So if you have user@lemmy.world, and you go to his community, you see a thread, you comment.....your comment is now in the comments section of his blog.

Now today, I see these websites, from corporate websites that have reviews sections. Or news sites with comments sections.

And unless you're on a mega corporation like amazon, or youtube, these comments and reviews are mostly dead.

So I was thinking. What if there were a way to do this with multiple fediverse services?

What if you have an article, and the comments are 1 lemmy user, 1 mastodon user, 1 misskey user, 1 friendica user, ect ect ect? Basically start making ANY fediverse service a viable way to leave a comment, which can be replied to by any other fediverse user, regardless of service?

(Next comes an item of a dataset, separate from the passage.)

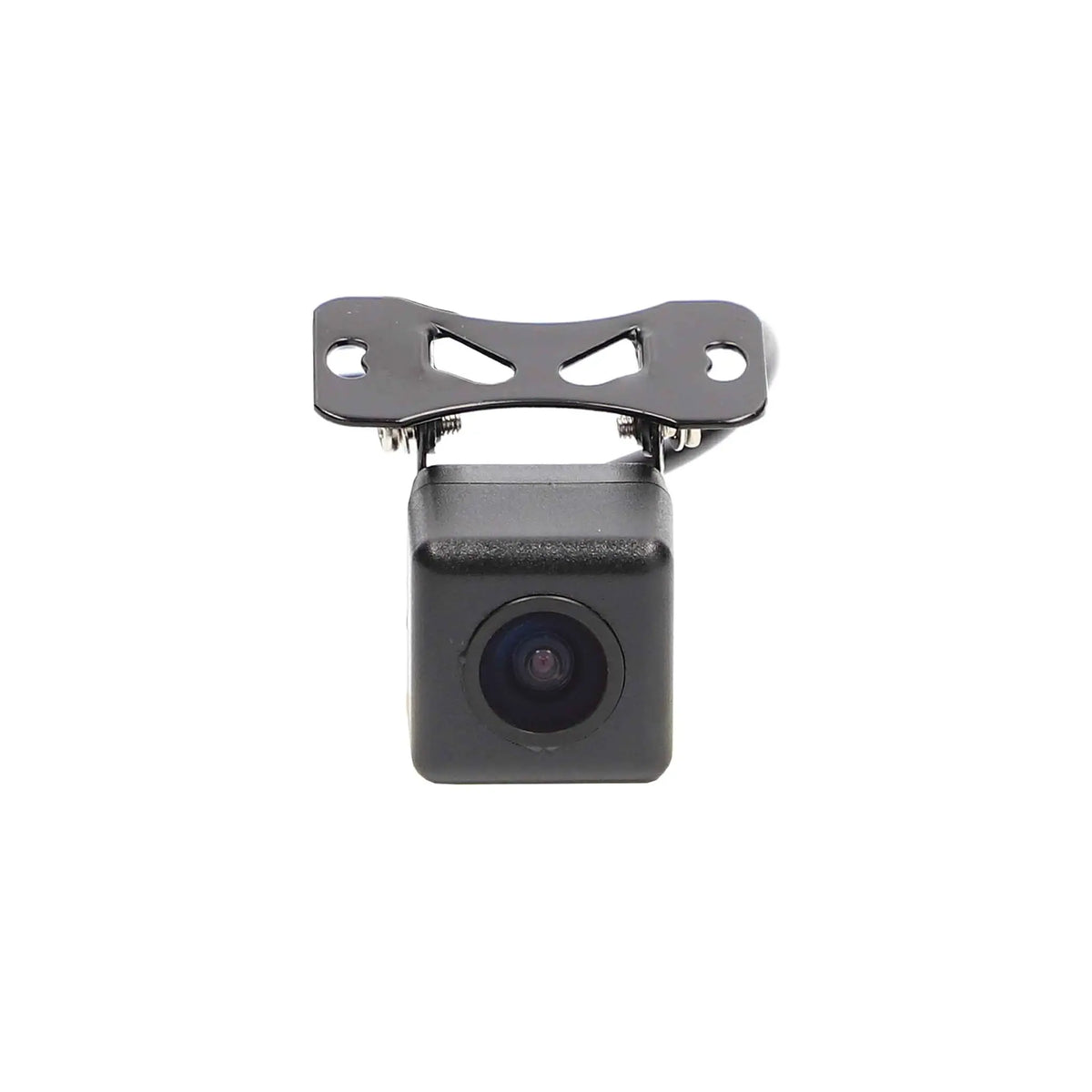 Front of a small square backup camera with an adjustable mounting bracket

Now imagine all these websites that sell things that have 1-2 reviews. They almost always seem to be propriatary comments section that you need to register for that one website. And it doesn't work anywhere else. Which is usually why there's only 1-2 reviews.

But if they were using their lemmy account, that they already have, they could leave a review TODAY, and in a month leave a comment on another website using the same account.

And this would start to standardize the fediverse accounts as being universal across the internet, besides mega corps.

This in turn will grow the fediverse, because eventually people will say "hey, you know your fediverse account that you use to leave comments? Well thats a mastodon account. You already have it, and you CAN go on mastodon, and use it like you used to twitter back before it was a nazi platform. Mastodon isn't fascist."

From a technical limitations standpoint, is that even possible?